In Terminal 3 at San Francisco International Airport, there is a Chinese food stand that appears to be staffed entirely by attractive young Chinese women wearing silk dresses. Also, they have ducks hanging -- the dead, plucked kind. Neither of these are very common to airports. While I was eating soup purchased from a different food stand, I had a choice between looking at the Chinese food stand's employees and the ducks, or looking at a woman who was sitting at a table reading a book with her shoes off and her bare feet resting on a chair at another table. (The third option, moving elsewhere, was eliminated when I took the lid off the soup and the cap off the bottle of Anchor Steam I had also purchased -- there was no way I could have carried a tray that way without spilling.)
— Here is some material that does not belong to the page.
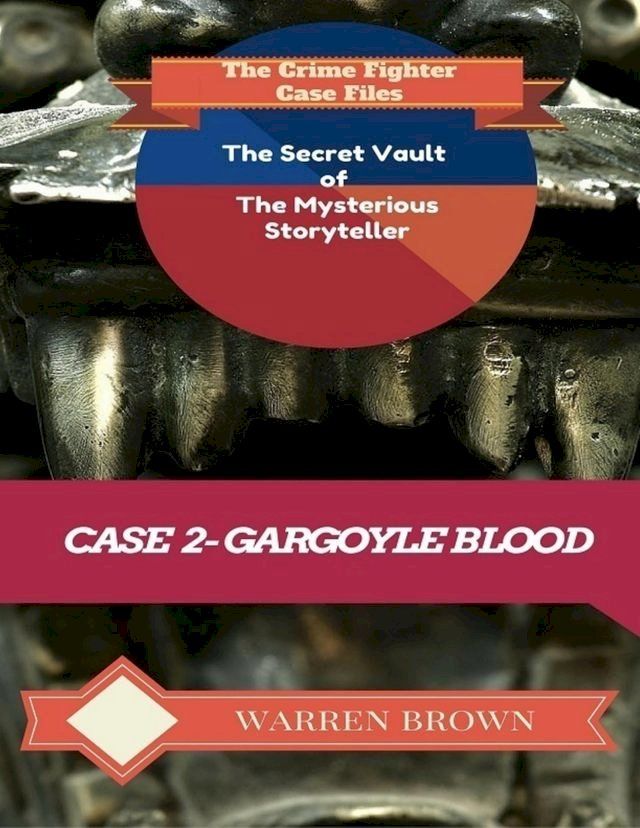  The Secret Vault of the Mysterious Storyteller: Case 2 Gargoyle Blood(Kobo/電子書)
Actually, I also had a San Francisco Chronicle to keep me occupied, and I'm glad I did, because here are the first two paragraphs of their review of the movie "Doogal":

Here's all you need to know about the parental torture that is "Doogal." It's a movie that scrounges so desperately for laughs, it features both a flatulent moose and a flatulent train.

Said locomotive is voiced, appropriately, by Chevy Chase. You can just imagine the conversation with his agent. "Sorry, Chevy, no one's interested in any more 'Vacation' films. But I've got a farting cartoon train for you...."


You know, I've been on some Amtrak trains that seemed to be a little flatulent.


Thursday, February 09, 2006


You know what they say about our long national nightmare 


I have a working TiVo once again. There is no need to panic.


Monday, February 06, 2006


Life during cola wartime 


I didn't see any advertisements announcing such a thing during the Super Bowl last night, so I guess Pepsi won't be giving away iTunes downloads this year. Maybe it's for the best, since I don't really need to be buying lots of soda while I'm unemployed, but now what am I going to write about here for the next two months?

None of the Super Bowl ads made much of an impression on me, except for the one with the wrinkly monsters emitting guttural noises and dancing around -- oh, wait, that was the Rolling Stones in the halftime show.


Wednesday, February 01, 2006


But I still love TiVo 


Sunday, January 28, 2001: I see TiVo in action for the first time, successfully changing the channels on a Motorola digital cable box.

Monday, January 29, 2001: I go to Best Buy and purchase a TiVo of my own.

At some point in here: TiVo comes out with their Series 2 models, and for a brief period of time, allows owners of older TiVos to purchase a new Series 2 and transfer their lifetime subscription. I do so, and sell my first TiVo on eBay.

At some point in here: I switch from cable to DirecTV, and with it, an integrated TiVo/DirecTV receiver (which DirecTV soon decides to rename "DirecTV DVR with TiVo Service"). I sell my second TiVo to my father.

Tuesday, January 31, 2006: Either to commemorate my five years with TiVo or to save itself from having to possibly record the State of the Union address, my DirecTV DVR with TiVo Service completely ceases to function.

Don't worry, I have a new, or possibly refurbished, DirecTV DVR with TiVo Service on order from DirecTV right now. (They're having a clearing-out-the-inventory sale.)